Unlike so many other British sailors, adventurers, and record-breakers, McClean has never received an official honor. Maybe he’s too eccentric for it. He sees this as an honor in itself. He’s a patriot, but he’s also an outsider who has never played the celebrity game. Still, he happily welcomes groups to Loch Nevis and has done after-dinner speaking and motivational talks all over the country.

He characterizes his approach to life as “make-do-and-mend,” which is an accurate way to describe his lack of pretension and absence of interest in the upmarket side of the sailing world—the yachting crowd. “I’m not trained in anything. But I’ll make the bloody boat move forward,” he says. “And that’s, really, the way I’ve been all the way through my life.”

It’s how he made a home in the Highlands, building the adventure center himself, making a family life with his wife Jill. Despite all his successes, for 20 years, he earned extra cash diving for clams in the loch: “I’m quite happy being here,” he says. “I could be down in Brighton in a flat or somewhere, but I’m here. I’d be happy in Brighton. I’d probably be flogging something. I don’t know what.

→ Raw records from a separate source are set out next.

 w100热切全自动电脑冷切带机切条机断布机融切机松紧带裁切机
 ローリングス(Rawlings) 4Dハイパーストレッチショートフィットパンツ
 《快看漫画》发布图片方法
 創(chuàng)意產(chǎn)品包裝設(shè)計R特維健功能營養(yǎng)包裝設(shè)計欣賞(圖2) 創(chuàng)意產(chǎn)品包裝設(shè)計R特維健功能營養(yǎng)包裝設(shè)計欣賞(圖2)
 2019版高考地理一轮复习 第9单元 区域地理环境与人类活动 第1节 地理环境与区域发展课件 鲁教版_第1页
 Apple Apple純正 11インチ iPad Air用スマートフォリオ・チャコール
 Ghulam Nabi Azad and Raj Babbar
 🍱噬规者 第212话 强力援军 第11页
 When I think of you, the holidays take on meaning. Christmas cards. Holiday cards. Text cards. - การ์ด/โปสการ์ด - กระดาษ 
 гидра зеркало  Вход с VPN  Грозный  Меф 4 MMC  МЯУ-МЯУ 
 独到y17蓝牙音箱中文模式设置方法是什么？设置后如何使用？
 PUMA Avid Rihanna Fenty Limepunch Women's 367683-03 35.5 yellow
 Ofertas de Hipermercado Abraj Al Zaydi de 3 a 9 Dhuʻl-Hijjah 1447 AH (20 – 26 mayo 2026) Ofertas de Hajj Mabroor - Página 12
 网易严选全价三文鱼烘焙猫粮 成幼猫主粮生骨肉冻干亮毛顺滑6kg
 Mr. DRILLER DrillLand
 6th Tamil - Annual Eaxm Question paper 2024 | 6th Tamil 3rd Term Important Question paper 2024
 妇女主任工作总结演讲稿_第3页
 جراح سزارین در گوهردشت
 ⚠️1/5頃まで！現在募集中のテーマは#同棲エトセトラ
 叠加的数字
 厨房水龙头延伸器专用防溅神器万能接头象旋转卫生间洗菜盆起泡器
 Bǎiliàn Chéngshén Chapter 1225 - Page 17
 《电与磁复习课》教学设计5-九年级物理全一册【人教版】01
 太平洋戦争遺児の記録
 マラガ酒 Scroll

Doing a business of some sort.”

Does he have a favorite of all his adventures? “The first one is the real adventure. Because you’re doing the unknown. Adventure to me is the unknown. Just pushing yourself into the unknown.”

Later that day, as I watch him standing in front of Moby for a photograph, the whale boat seems as much a work of art as the simple “marketing idea” McClean says it is. It’s mythic dimension resonates with so much of his own life. Pioneering psychologist Carl Jung saw the story of Jonah and the whale as an archetypal legend, with the story of an individual being swallowed up by some creature and then spat out recurring in cultures and religions all around the world—whether a whale or a dragon or a wolf. He called it the “Myth of the Night Sea Journey,” with the hero undergoing a descent into darkness or temporary death. When he emerges alive after this encounter with the raw power of nature he’s transformed, he has a wholeness he lacked before.

Whales have a powerful hold on the human imagination. You only have to think of the huge crowds drawn to the riverside in England when one was stranded in the Thames in 2006, or the reach of Herman Melville’s Moby Dick. It makes it a potent image for McClean’s environmental campaign. But it’s also an allegorical representation of his own life—the orphan-boy spewed up by the Atlantic onto an Irish beach. A boy who underwent, in Jung’s phrase, “The perilous adventure of the night sea journey, whose end and aim is the restoration of life, resurrection, and the triumph over death.” Whether or not it’s a symbol of McClean’s own journey, Moby is his monument to the spirit of adventure itself.

McClean would, of course, downplay such high-flown talk. In a couple of weeks, he’s going on a camping trip with his two grown-up sons, crawling round the Peak District for three days in whatever wet and cold an English winter can throw at them: “It’s still in me to be basic and simple and straightforward,” he says. “I enjoy the simplicity of it all. Nothing grand. I’ll be happy. They’ll bugger off up the hill and put Radio 4 on and leave me alone, and I’ll have a kip for three hours. And they say, ‘Well what a boring fucking thing to do, just lay there and kip.’ But I feel quite smug. I don’t know. It’s just nice.”